My long-lost critique partner Liz Colter has published her novel from those dreamy days, and her final project is worth reading. “A sweeping story of love and war, prejudice and acceptance”: The Halfblood War lives up to its tagline.

The Halfblood War rotates between many points of view: Tirren the crown prince of Thiery, Chayan his half-Elven son, brave warrior Shen, invading enemy leader Maradon, wise visiting half-Elf Dashara, Chayan’s Elven mother and the Elven Queen. I really got into all their heads; thus the conflicts become not just a battle of swords, horses and magic, but also passions, compassions and ambitions. Without getting into the mopey POV some over-emotive authors wallow in.

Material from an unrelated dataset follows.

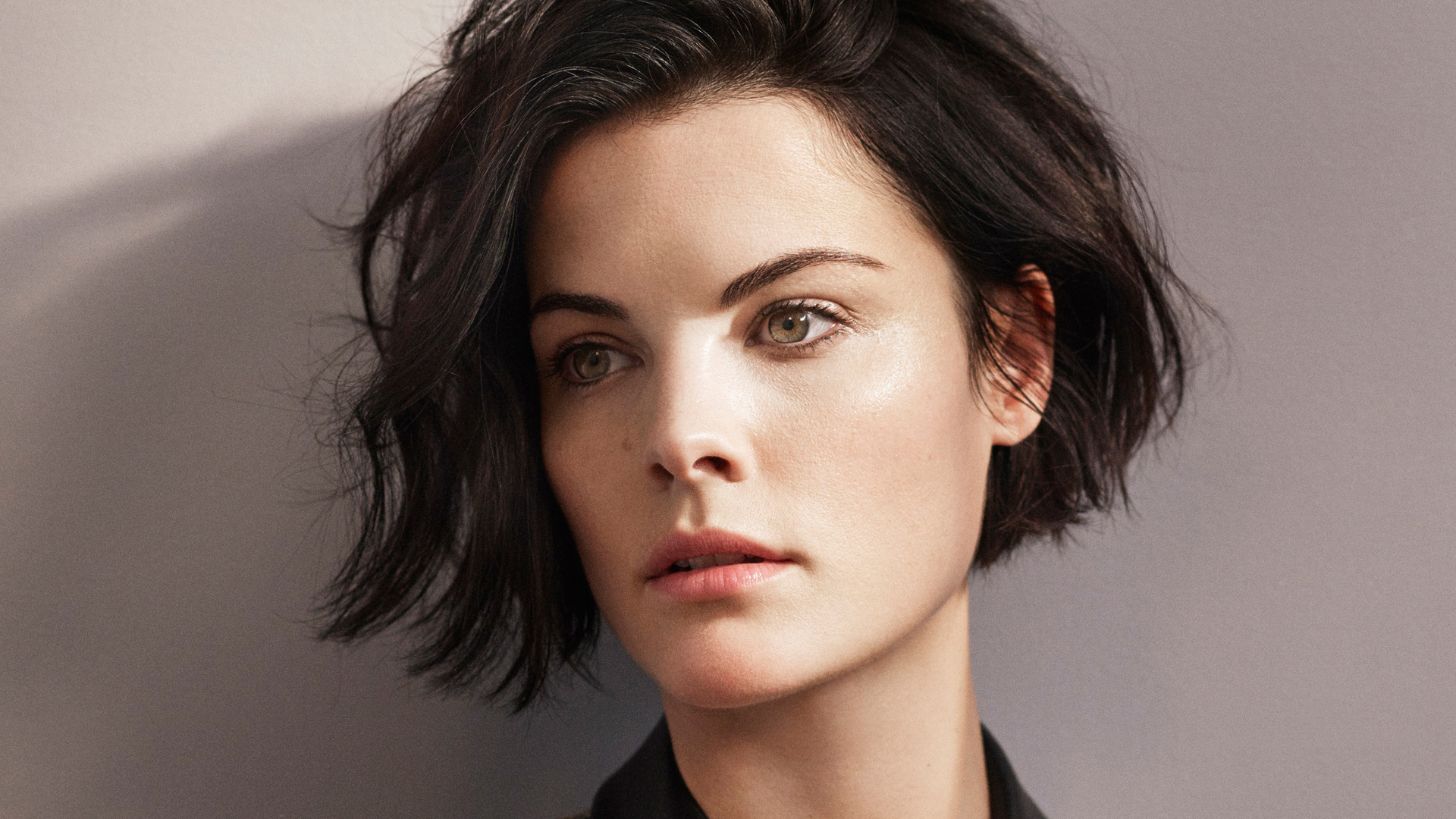 jaimie-alexander-instyle-2017-new-3e-1920x1080.jpg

The swords, horses and magic are also superbly done; Ms. Colter seems quite informed about the first two, and the magic neither unbalances the conflict nor detracts from the near-historical realism. The suspense never flags; the outcome is never certain.

At the center of the whirl of conflict is Chayan. Destined to someday rule a country that abhors all things Elven. The ruler, his grandfather, adores him yet remains bitter that an Elf seduced his son and threw the succession into a mess (complex, conflicting emotions!). As the story begins he’s just coming of age, so we seen him more often from the eyes of others. Will he create his own destiny? You’ll see.

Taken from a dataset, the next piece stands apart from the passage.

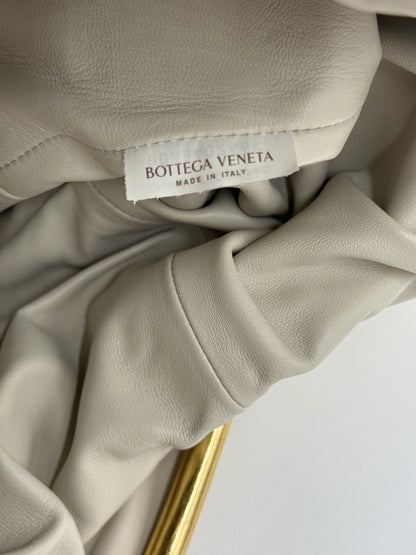 Bottega-Veneta-Borsa-Pouch-Intrecciata-Large-Oro-68631257907524 - Pally Vintage Closet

A minor thing that I ruminated over at the end was that there weren’t that many people in this country. Is the human race really at stake, or is there a continent overseas with a lot more people? But again, that’s me overthinking rather than a real problem with the novel.

Another thing that threw me that I can fix for you right now: starting the novel with a half-elf I thought D&D thus human-like Tolkien Elves. These Elves are more like the Fairie of Celtic myth, godlike from another dimension. Sadly, in a culture where Disney outranks Shakespeare, “fairy” evokes Tinkerbell rather than Titania, so “Elf” it must be. But expect high magic.